8. P(change) / character For every character copied, what is the chance that it will change to another one of the possible states? (Remember that a number of states is assigned to each character at the start of the simulation.) What do you think is a realistic proportion in this situation? That is, what is the chance that a scribe would change the state of a UBS-like character in the course of making one copy. The UBS apparatus has about 140 characters (i.e. variant phrases) for the Gospel of Mark. (About 9 per chapter.) Try different values to see the effect. Large values produce the characteristic pattern seen with unrelated texts – i.e. those which behave the same way with respect to each other as texts comprised of randomly chosen states. In an NJ diagram, unrelated texts produce a diagram that looks like the spokes of a bicycle wheel.

9. P(correction) / generation What is the chance that a copy will be corrected against another copy from the same Place? Copies to use as the exemplar (i.e. used as a source of states for the copy being corrected) are chosen according to their rank in the Place's extant (i.e. not lost) collection. A Zipf distribution (with s=1) is used here too. New additions (whether imported or copied) are added to the end of the extant collection so they are less likely to be used as exemplars until the ones ranked above them are lost. What is a reasonable value for this? (Just about every real copy was corrected at least once.)

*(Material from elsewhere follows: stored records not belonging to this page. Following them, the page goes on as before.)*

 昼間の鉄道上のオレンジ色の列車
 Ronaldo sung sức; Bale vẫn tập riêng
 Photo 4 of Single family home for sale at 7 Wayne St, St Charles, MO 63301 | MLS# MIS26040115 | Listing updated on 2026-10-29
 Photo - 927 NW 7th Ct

10. P(edition) / generation This introduces the idea of local preference for particular states. Were some readings preferred more than others in a place? At the start of the simulation, each place is assigned its own list of preferred states for each character. The preferred states are a permutation of the list of states. E.g., for a character with three states, 1 3 2 and 3 2 1 are two permutations. As with just about every other thing in this simulation, the permutations are randomly generated. What kind of effect would you expect local preferences to have? (Try the slider and see.)

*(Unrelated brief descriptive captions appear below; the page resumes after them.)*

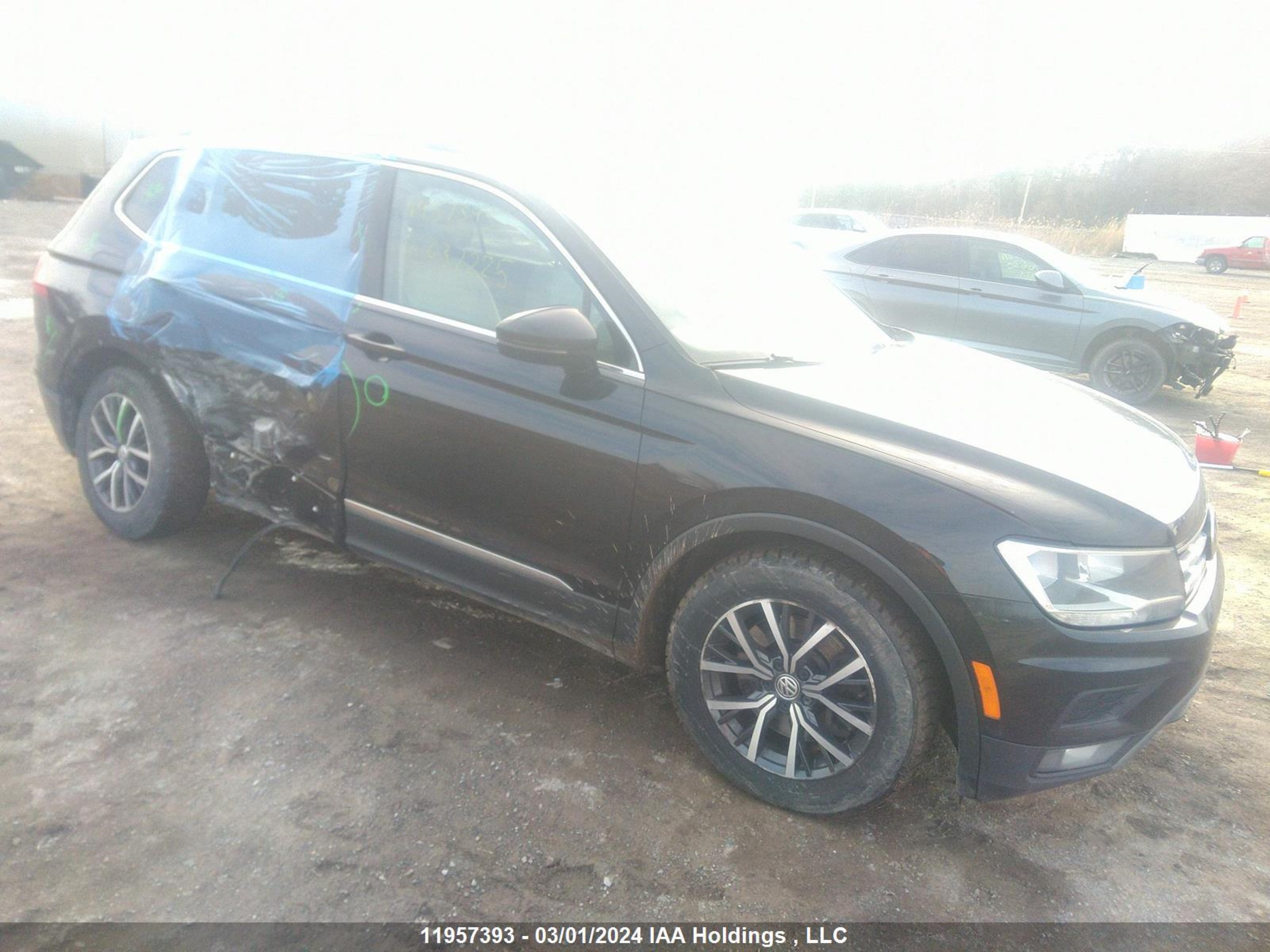 VOLKSWAGEN TIGUAN 2018 3vv2b7axxjm037225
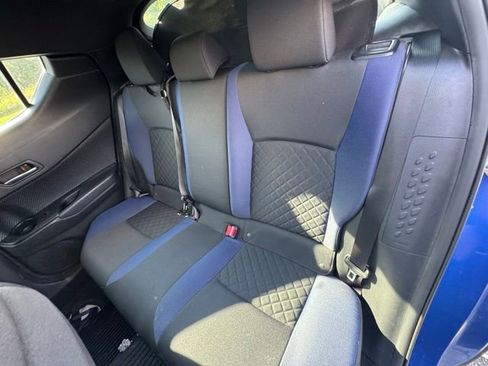Used 2021 Toyota C-HR XLE FWD image 12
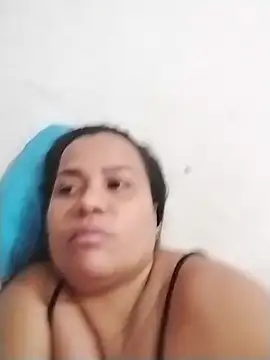 Snapshot of Cristileth chatting on 11-29-25, 08:56 Cristileth online show from 11-29-25, 08:56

11. Trend (toward preferred text) The strength of preference for the higher ranked states is determined by the trend slider. This sets the exponent of the Zipf distribution used to choose from the list of preferences. A value of one gives relative probabilities of 1, 0.5, 0.33, 0.25, … whereas a value of five gives relative probabilities of 1, 0.031, 0.0041, 0.00098, … The higher the value, the more pronounced is preference for the local flavour of a text. (A value of five or more could be described as pathological parochialism.)

12. P(loss) / generation What is the chance that a copy will be lost in a generation? A value of 0.5 means that only one in 2^n survives n generations. E.g., for 10 generations, the chance of survival would be one in 1024. What would you guess is the per generation chance of survival for a real New Testament manuscript? (Assume that one generation is 25 years.) This slider acts as a reference for other “per generation” sliders. E.g. if P(correction) is twice P(loss) then each copy has an expectation value of two correction events in its life time.

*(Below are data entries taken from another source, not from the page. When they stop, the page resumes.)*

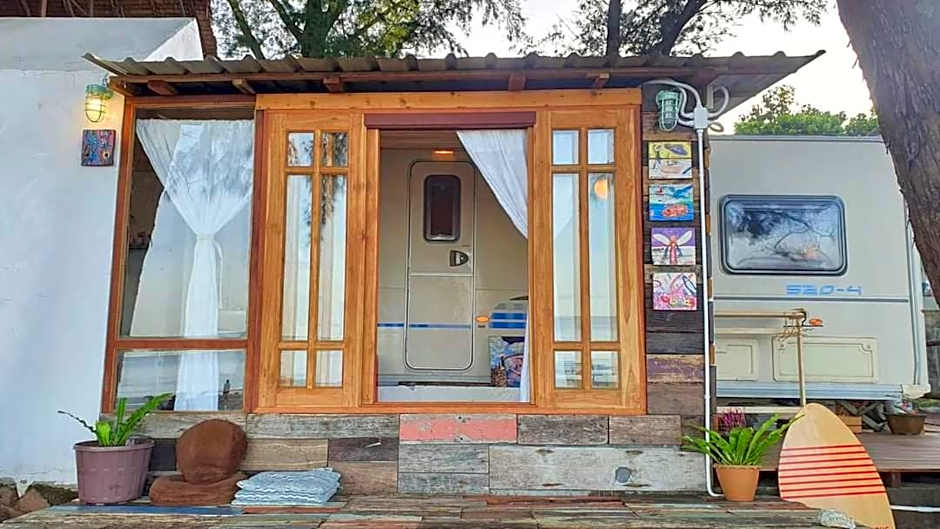 Maliblues Bed & Art Gallery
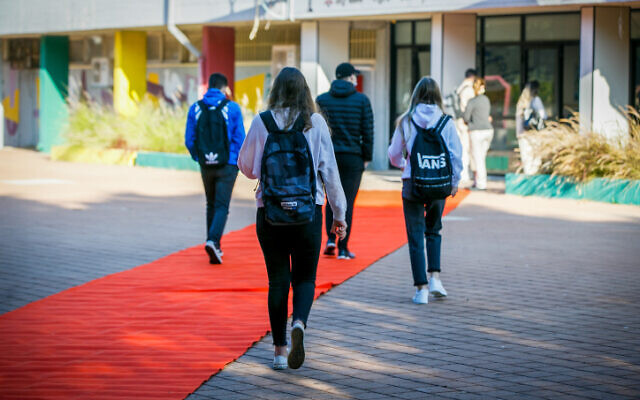 File: Students arrive at school in Ashdod, November 29, 2020 (Flash90)
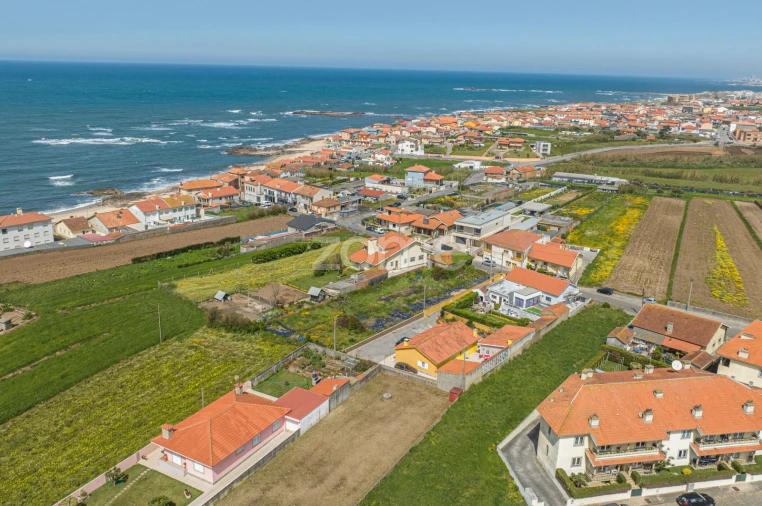 Terreno para Venda em Vila Chã Foto 13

13. Growth / generation (logistic) The growth is calculated as follows: ΔN = Ν * r * (1 – Ν/Κ) This slider sets r. (K is set inside the program.) A value of r = 1 makes the demand double every generation at the beginning. The rate of increase decrease to zero as N/K approaches one.

14. Lost / extant (for recovery) What is the relative probability that the recovery phase will retrieve lost copies instead of extant ones? Lost copies tend to be older, but there are few really old ones. The simulation is set to recover 60 / 1200 copies: only 5%. What do you think is the real ratio of lost (e.g. ones found in rubbish heaps, burials, caves) to extant copies (e.g. ones that have survived in monasteries, libraries or museums) for New Testament manuscripts?

15. Seed (for random numbers) This lets you try the same slider settings with a different set of random numbers. The program uses (pseudo) random processes extensively. Setting a seed let's one reproducibly produce the same set of pseudo random numbers(!) Try different seed values to see the effect.

16. Mission Your mission is to try to produce a set of settings which produce analysis results which “look like” results obtained from a real data set (Mark UBS4).